The One Centime coin was the smallest circulating denomination of the Swiss Franc from its inception in 1850 until it was demonetised at the end of 2006. Given that Switzerland has four official languages, the sub-unit of the Franc has four different names; it is centime (c.) in French, Rappen (Rp.) in German, centesimo (ct.) in Italian and rap (rp.) in Romansh. Some English-language catalogues call the coin a "1 Rappen" coin, but the English-language publications of the Swiss National Bank and Swissmint prefer the word "1 centime".
Swissmint states that the first version of the coin was designed by Alexander Hutter and engraved by Jean-Jacques Barre of Monnaie de Paris (the Paris Mint), where Swiss coins were struck for the first couple of years after their introduction.

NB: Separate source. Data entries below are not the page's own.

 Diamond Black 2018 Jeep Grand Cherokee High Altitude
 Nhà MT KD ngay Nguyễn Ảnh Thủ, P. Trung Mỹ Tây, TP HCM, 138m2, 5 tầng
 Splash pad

This was used for almost a century until, in November 1947, the Swiss Federal Mint (now Swissmint) put out a call for new designs of the one and two centime coins, for which Josef Tannheimer won the first prize. Starting in 1948, these coins were minted with his designs, until they were discontinued in 2006 and 1974 respectively. Coins carrying the first design were demonetised on 1st February 1952.
Excluding the years of the Second World War, when coins were struck of zinc between 1942 and 1946, the size and composition of the 1 centime coin did not change; it was made of a bronze alloy of 95% copper, 4% tin and 1% zinc.

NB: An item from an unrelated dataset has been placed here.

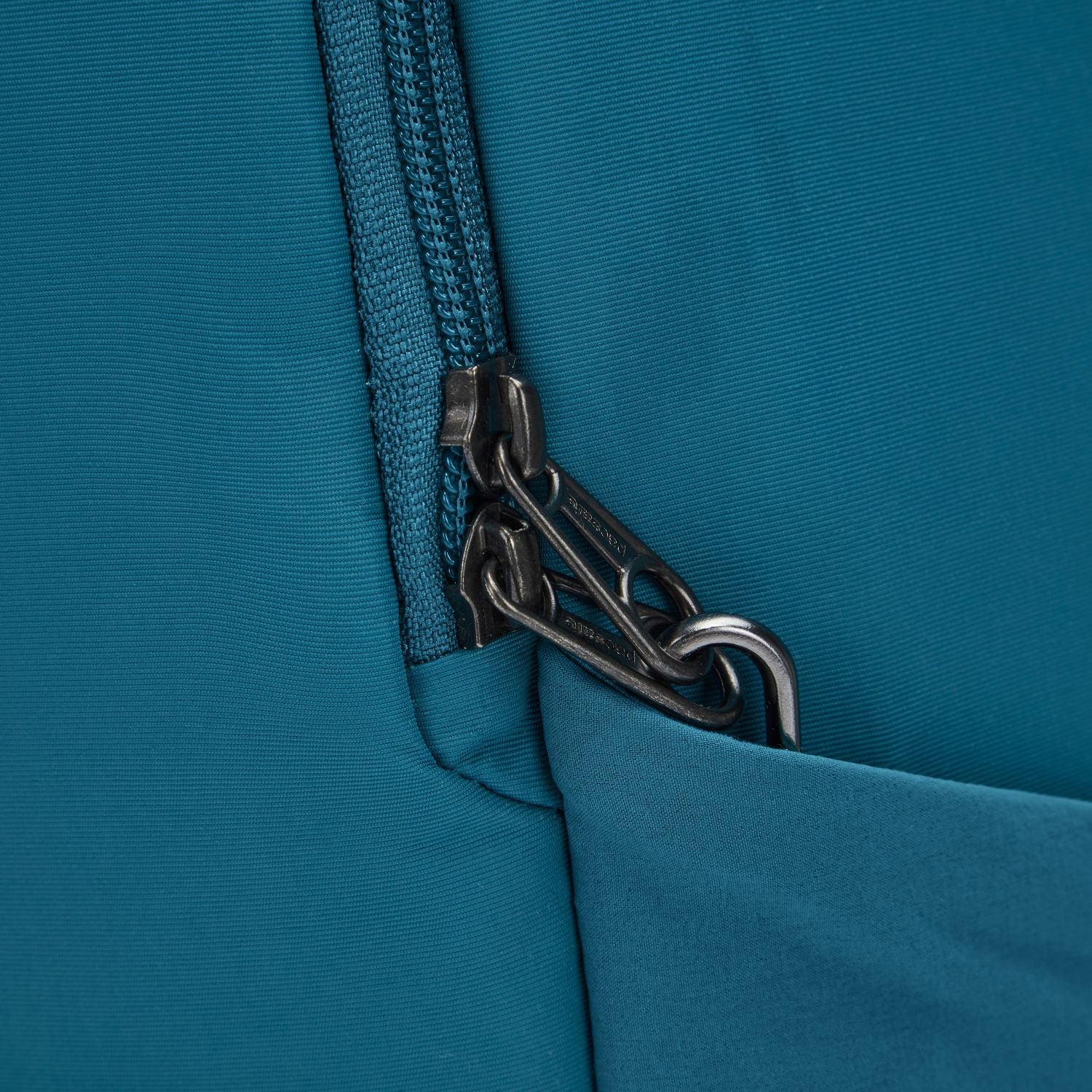 Pacsafe LS450 Anti-Theft Backpack (SA)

Coins carrying the original design were demonetised on 1st February 1952.
The obverse features at its centre within a beaded circle the Swiss Coat of Arms (equilateral wide "Swiss" cross on a rounded triangular shield, thin vertical lines being a heraldic representation of the red background), with a broad-brimmed feathered hat on top, on a laurel branch (left) and an oak branch (right). The legend HELVETIA (the Latin name of the female personification of Switzerland) is around above. The date is around below.
The reverse features at its centre within a beaded circle the numeral 1 representing the value, surrounded by a laurel wreath. The mint mark, A for the Paris Mint in 1850 and 1851, or B for Swissmint (previously known as the Bern / Berne Mint or the Federal Mint of Switzerland) thereafter, is under the ribbon tying the wreath.